Friday of the Sixth Week in Ordinary Time
The exodus towards the eternity
He summoned the crowd with his disciples and said to them, “Whoever wishes to come after me must deny himself, take up his cross, and follow me. For whoever wishes to save his life will lose it, but whoever loses his life for my sake and that of the gospel will save it. What profit is there for one to gain the whole world and forfeit his life? What could one give in exchange for his life? Whoever is ashamed of me and of my words in this faithless and sinful generation, the Son of Man will be ashamed of when he comes in his Father’s glory with the holy angels.” He also said to them, “Amen, I say to you, there are some standing here who will not taste death until they see that the kingdom of God has come in power.” Mk 8,34-9,1
We are always fascinated by the adventure of the early american pioneers who left their land, all they had, they loaded the wagons by the essential and, in caravans, from the atlantic coast of the America they went west, with the hope for a better future. It is a picture which often emerges when we meditate on the book of the Exodus or when, while opening this page of the gospel, the Lord asks us to deny ourselves, to forsake all, to take up our cross on our shoulders and to follow him.

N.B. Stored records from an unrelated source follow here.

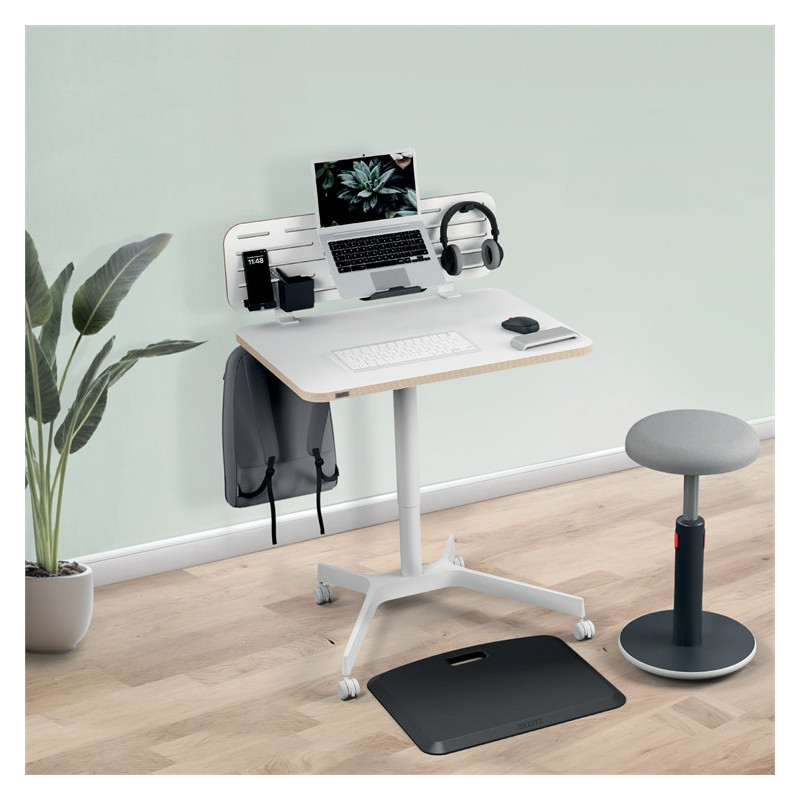 Säilytystaulu Leitz Ergo 42x25cm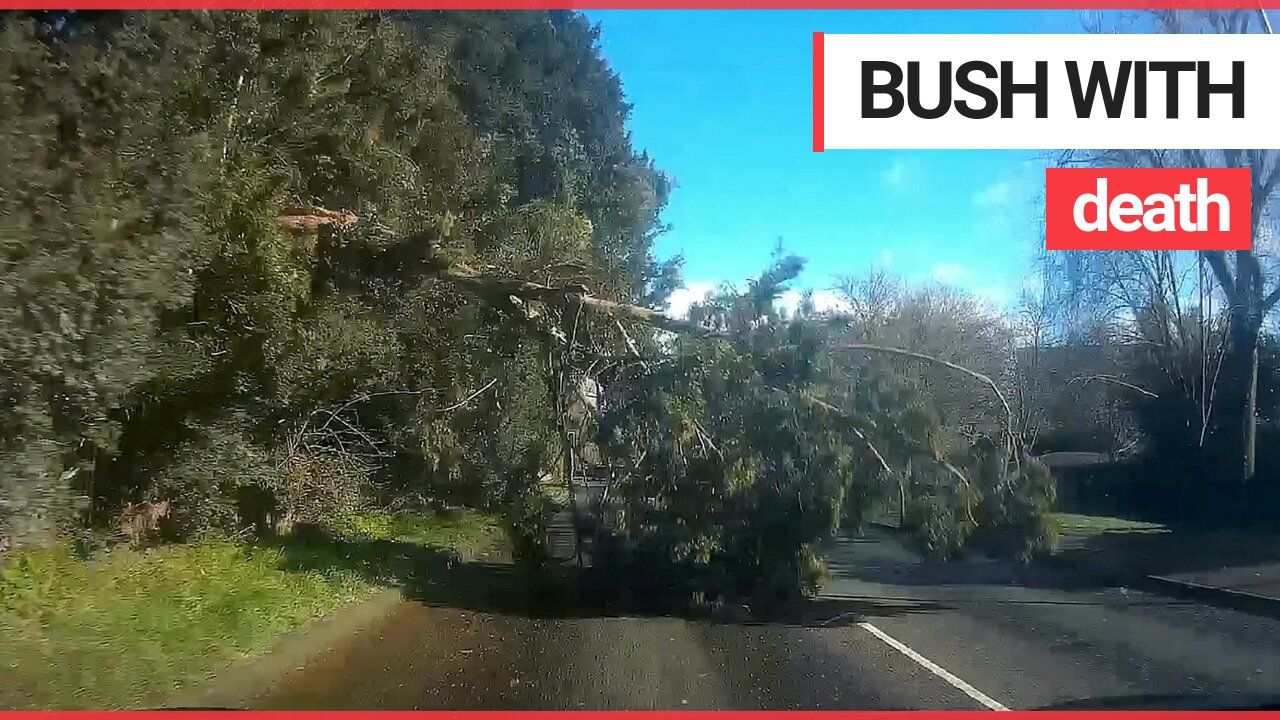 Teen driver was seconds from death when a massive tree was blown over in high winds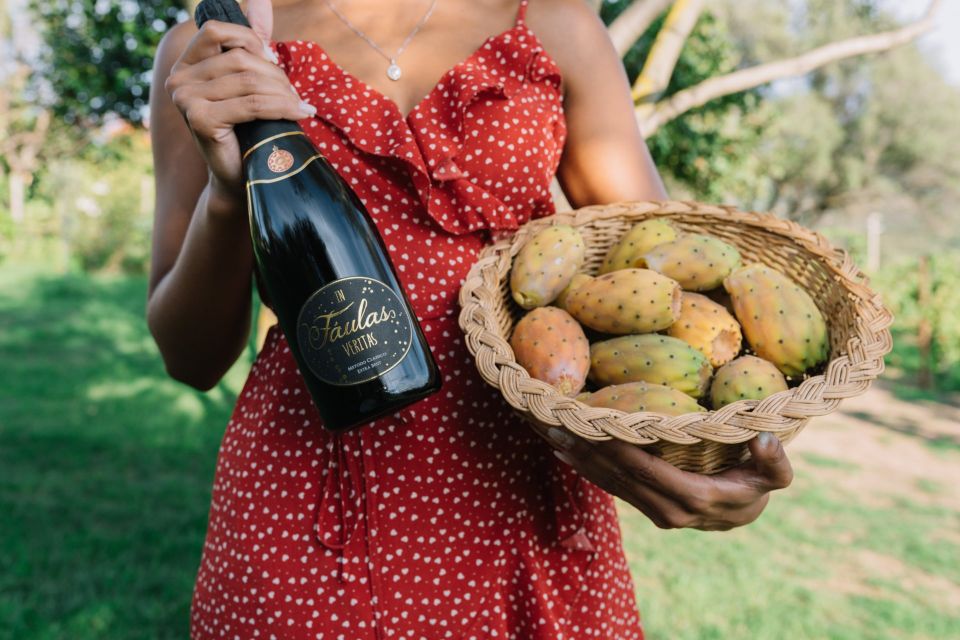 Olbia: Gallura Winery Guided Tour With Tasting - Key Points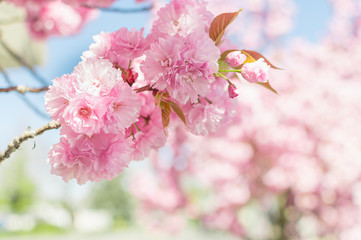 Pink Springtime Blossoms in Downtown 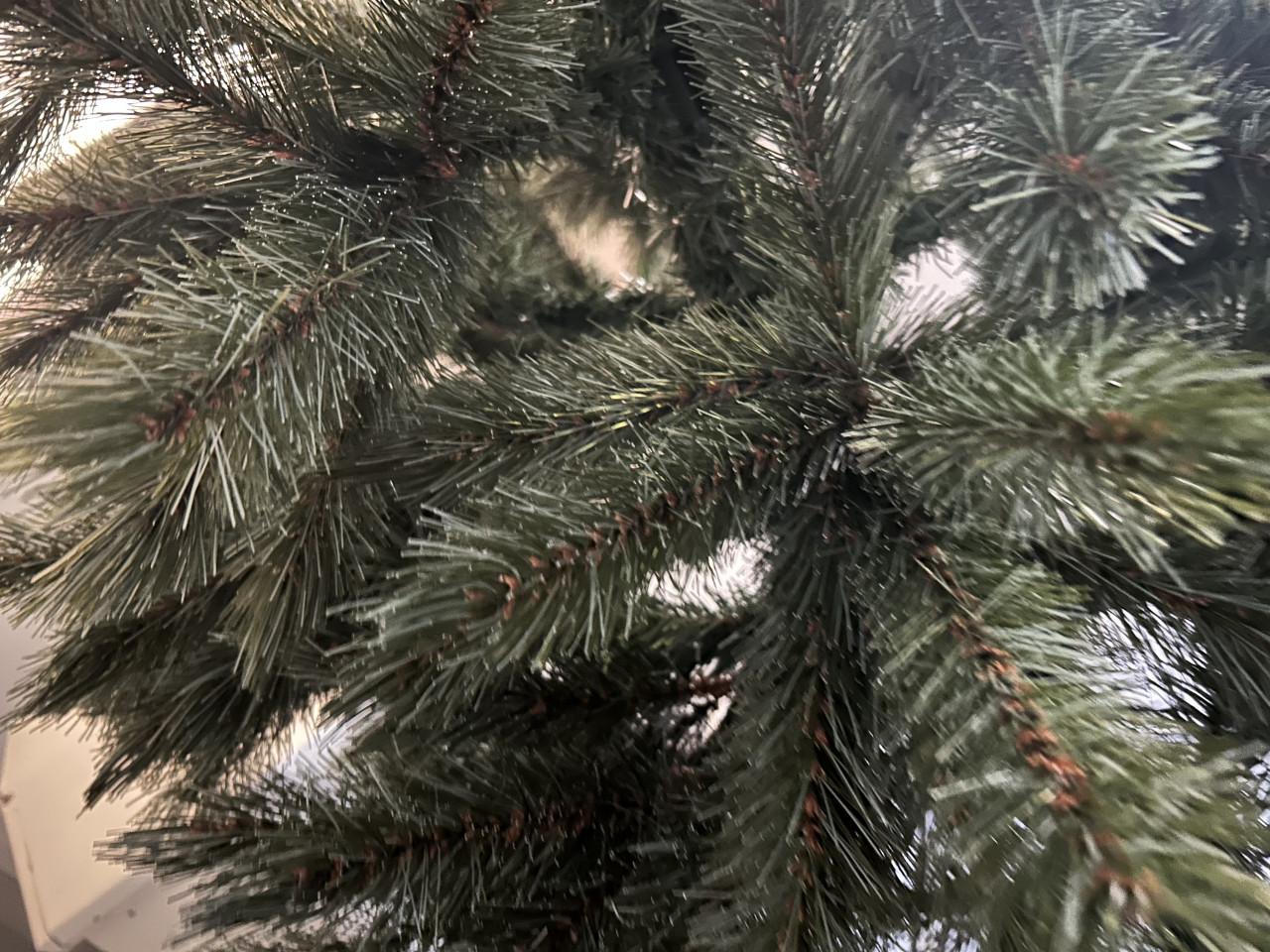 Kerstboom , 1 keer opgezet. Intratuin , Romagne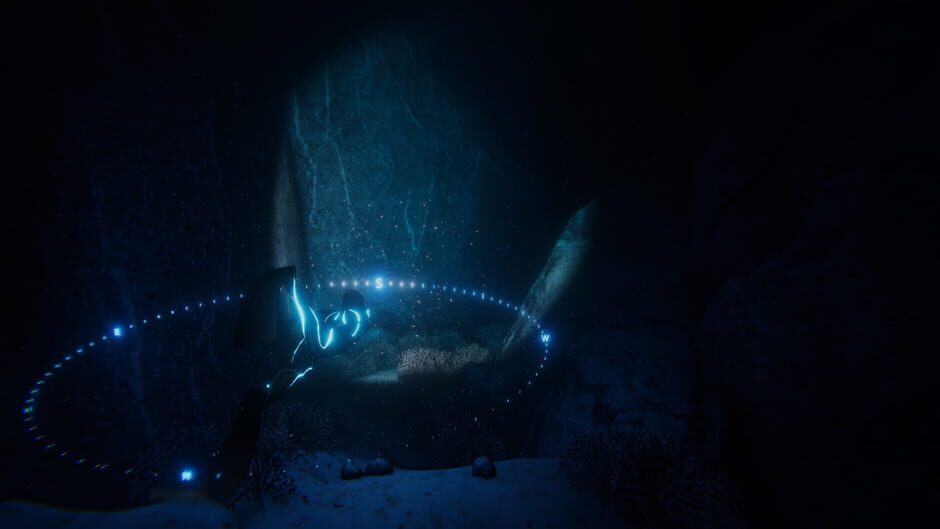 Screenshot from Beyond Blue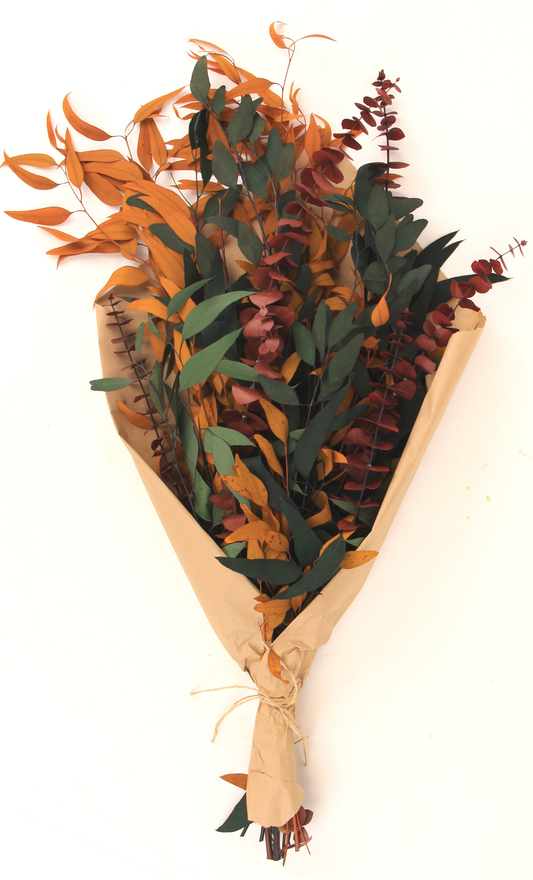 Andaluca - Autumn Eucalyptus Bundle - Forest Green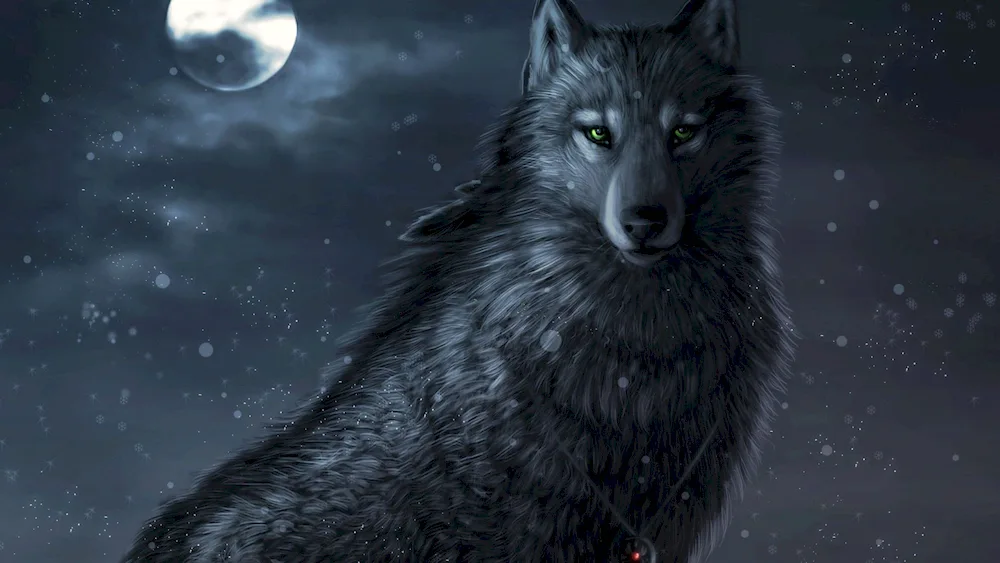 Black Wolf wolf anime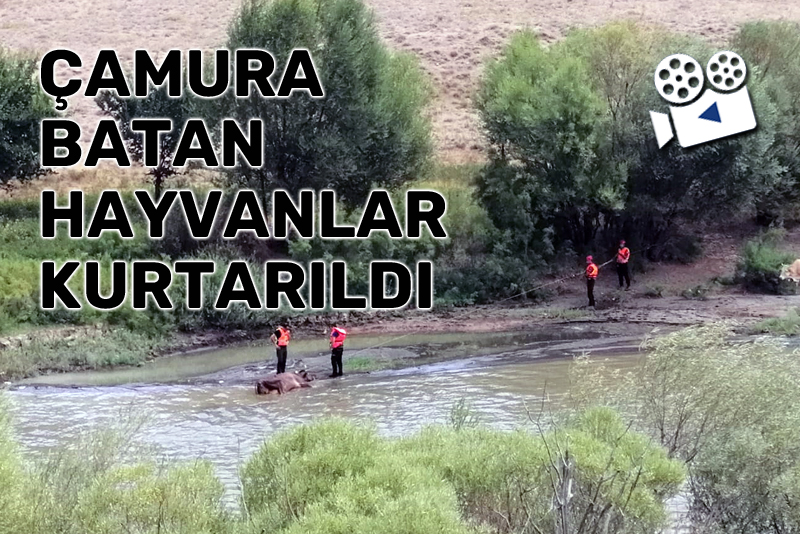 Erzincan'da çamura batan hayvanlar kurtarıldı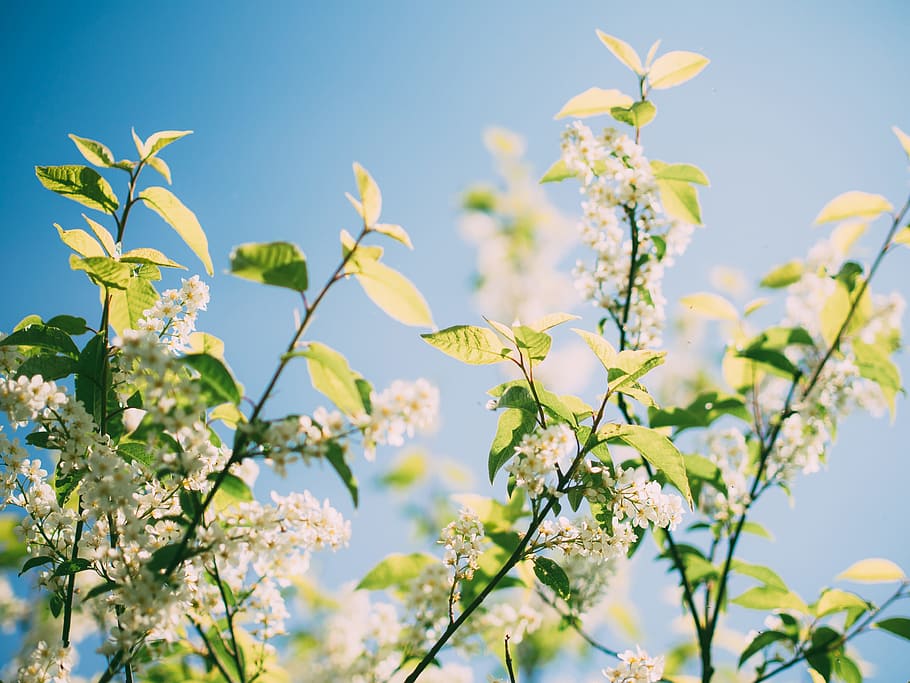 nature, flowers, branches, plant, leaves, twigs, flowering plant HD wallpaper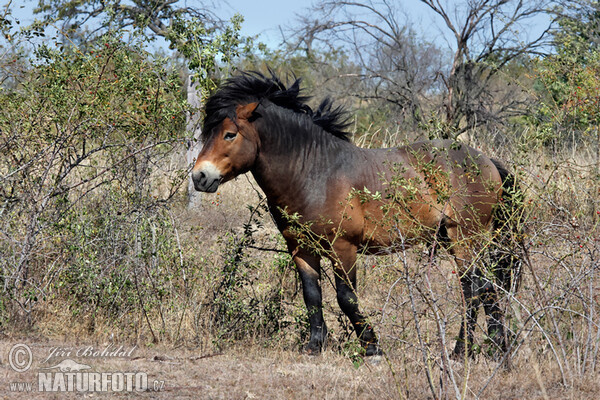 Exmoor-Pony (Equus ferus f. caballus)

Today Jesus asks us to leave for a flight to the eternity, not knowing exactly what we will find, like those pioneers who went west. We start only because we trust the Lord, the caravan leader who knows the “way” to go, the “truth” about what we will find and the “life” which we will live for the eternity. We like this adventure, it is a fascinating proposal, but what worries us a bit is the baggage, the cross we have to carry on our shoulders. One day during the morning prayer, Claudio, one of our brasilian children, said: “I could not leave without the cross, so, being free, who knows how many beautiful things I could do along the road?”. During the prayer the Holy Spirit suggested to one of us this response: “It is not possible. The cross are our limitations, which are the most beautiful thing we have. With the people with few limits I cannot do anything, but with the limited people I do amazing things”. We answered: “If the matter is in this way, let’s leave”. We left and – we have to say – our limitations along the way have never been a problem. Indeed, they often are transformed into opportunities. One day, during a prayer meeting, Father Fausto said to me: “I need you to proclaim the gospel in my place”. “But how – I said – you know that I suffer from stuttering?”. “I know – he said – but this is not your problem, it is a problem of the Lord. You go and trust”. I trusted, I went and he healed me.